A busca da verdade factual do jornalista é, assim, sutilmente deslocada pela descoberta perplexa da força da ficção que vem do que se imagina, com outro tipo de verdade, não menos esquiva, sobretudo depois da desconfiança quanto à verossimilhança que pode trair a realidade por uma mera coerência interna da narrativa. Callado não adotou a perplexidade moderna sobre os impasses da narração, mas sempre de olho na história contemporânea e em especial na de seu país, se arriscou nos meandros e dificuldades de como contá-la junto ao que imagina. O seu realismo crítico avança desconfiado de si mesmo e acaba deixando-se infiltrar por brechas que o desconcertam no meio do mato, aonde é levado a repensar os descaminhos de nossa já velha civilização litorânea. Aí, nesse centro isolado, pode se deparar com imagens medonhas, como a do terrível formigueiro -"o maior panelão de saúva"- por onde somem, em "Quarup", as esperanças últimas do encontro do centro geográfico e do verdadeiro coração do Brasil. Na intersecção de natureza e história, sua prosa de ficção buscará imagens que, com força alegórica, espelhem a inabarcável totalidade.
Desde esse início, porém, o escritor se empenha em ver cumprido o real destino político do País, que se arma e se desarma, e acaba dando sempre com esse furo em que tudo misteriosamente se perde. Assim o começo é o fim, e se forma desde o "Esqueleto" o mito abstrato e central que perseguirá, recontando-o reencarnado em várias histórias, quebradas pela consciência irônica. O país não dá certo, e a narrativa acompanha esse percurso malogrado com o olhar do desconcerto e uma refeita confiança mítica.
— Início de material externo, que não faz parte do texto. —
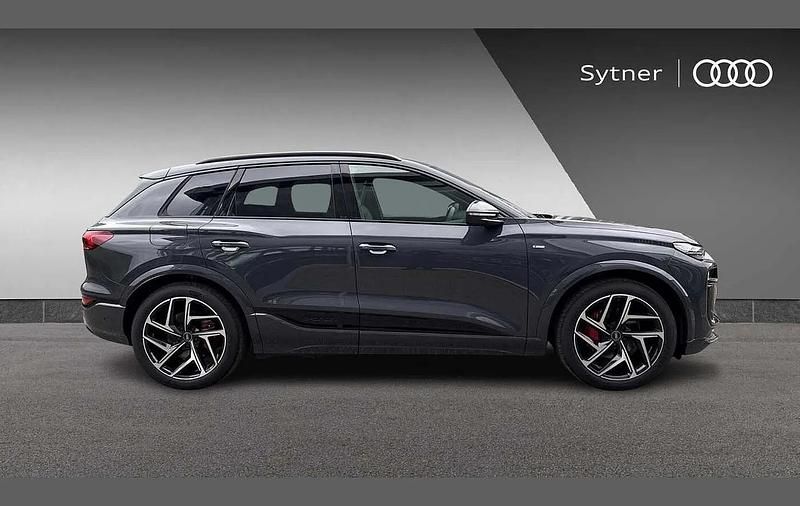 Used Audi Q6 e-tron Advanced 284 kW (387 HP) 2025 Grey SUV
Retornando tantas vezes ao fundo do mato, ela parece redescobrir no despojamento e na simplicidade da vida selvagem a possibilidade de começar outra vez. O ritual do "quarup", já referido na reportagem, refaz o mito da criação, expondo ao sol os bonecos de pau dos quais os índios crêem poder extrair o espírito dos mortos que irá reencarnar na nova aldeia. À perspectiva mítica da contínua renovação se casa a ironia da interpretação histórico-política que, no caso, vê a catástrofe a partir do espírito inglês de Fawcett como legítimo representante da ideologia do Império Britânico, na raiz de muitas das invenções da civilização moderna que tanto dependeu da Inglaterra para se expandir. Assim se alegoriza o extravio do explorador inglês, fazendo repensar o destino do país, a partir de uma aventura singular e errante no meio da selva, e reconsiderar o crime dos índios como um verdadeiro crime da civilização, como um desvio que estava antes e além, na história.
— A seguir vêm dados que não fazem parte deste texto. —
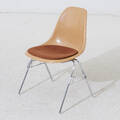 Stol design Charles  Ray Eames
A verdade não anda na moda em nenhuma das suas formas já há muito tempo, mas a de Callado, a partir daí, ficou mais difícil e pediu muito mais folga para se mostrar por entre o mato cerrado dos fatos. O sumiço de Fawcett deve ter-lhe dado a matriz de sua obra ficcional posterior. Sua obra de romancista vinha de antes, da "Assunção de Salviano", é certo, e tinha demonstrado pendores para a intriga policial, com a complicação do enredo, como se vê em "A Madona de Cedro". Mas, embora história, política e crime já se juntassem como problema da construção ficcional, ainda se achava aí muito na superfície da descoberta de uma matéria mais rica e complexa. Ela desponta precisamente nesta reportagem, sob o despiste da escrita fina, clara e discreta. É bem possível que seu olhar tenha aprendido devagar e com a sabedoria de Machado de Assis a detectar a monstruosidade latente sob a capa da neutralidade, a exemplo do escravocrata célebre do "Memorial de Aires" (como no monstro selvagem sob a "sempreviva"), que tanto lhe valeu, além dos temas, para a elegante serenidade de sua prosa.